DCIPs/EIPS/eip-3102.md

184 lines
12 KiB
Markdown
Raw Normal View History

---
eip: 3102
title: Binary trie structure
author: Guillaume Ballet (@gballet), Vitalik Buterin (@vbuterin)
status: Draft
discussions-to: https://ethresear.ch/t/binary-trie-format/7621
status: Draft
type: Standards Track
category: Core
created: 2020-09-01
---
## Simple Summary
Change the storage structure from hexary to binary, merge the account and storage tries, and use blake2b.
## Abstract
This proposal presents a binary structure and merkelization rule for the account and storage tries, which are merged into a single “state” trie. RLP and most of the MPTs optimizations are dropped to simplify the design. Keccak256 is replaced with blake2b.
## Motivation
The current design of the Merkle Patricia Trie (MPT) uses an hexary trie. Hexary Merkle trees are more shallow than their binary counterparts, which means less hashing.

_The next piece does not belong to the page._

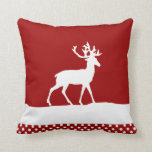 Almofada Deer Silhouette - Vermelho e Branco<br><div class="desc">Veado,  silhueta,  vermelho,  branco,  marrom,  arbusto,  inverno,  inverno,  inverno,  rena,  alce,  galinha,  animal,  animal,  antílope,  alce,  natal,  natal,  xmas,  massagem de natal,  neve,  sombra,  legal,  folclore,  campo,  "cervo branco",  "silhueta de veados",  "cervo sombra", </div>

Over the course of the 5 years of Ethereums existence, it has become apparent that disk accesses are a greater bottleneck than hashing. Clients are therefore moving away from a storage model in which all internal nodes are stored, in favor of a flat (key, value) storage model first used by turbo-geth, in which the intermediate nodes are recalculated only when needed.
There is a push for making Ethereum easier to use in a stateless fashion. Binary tries make for smaller (~4x) proofs than hexary tries, making it the design of choice for a stateless-friendly Ethereum.
For that same reason, the account and storage tries are merged in order to have a single proof for all changes.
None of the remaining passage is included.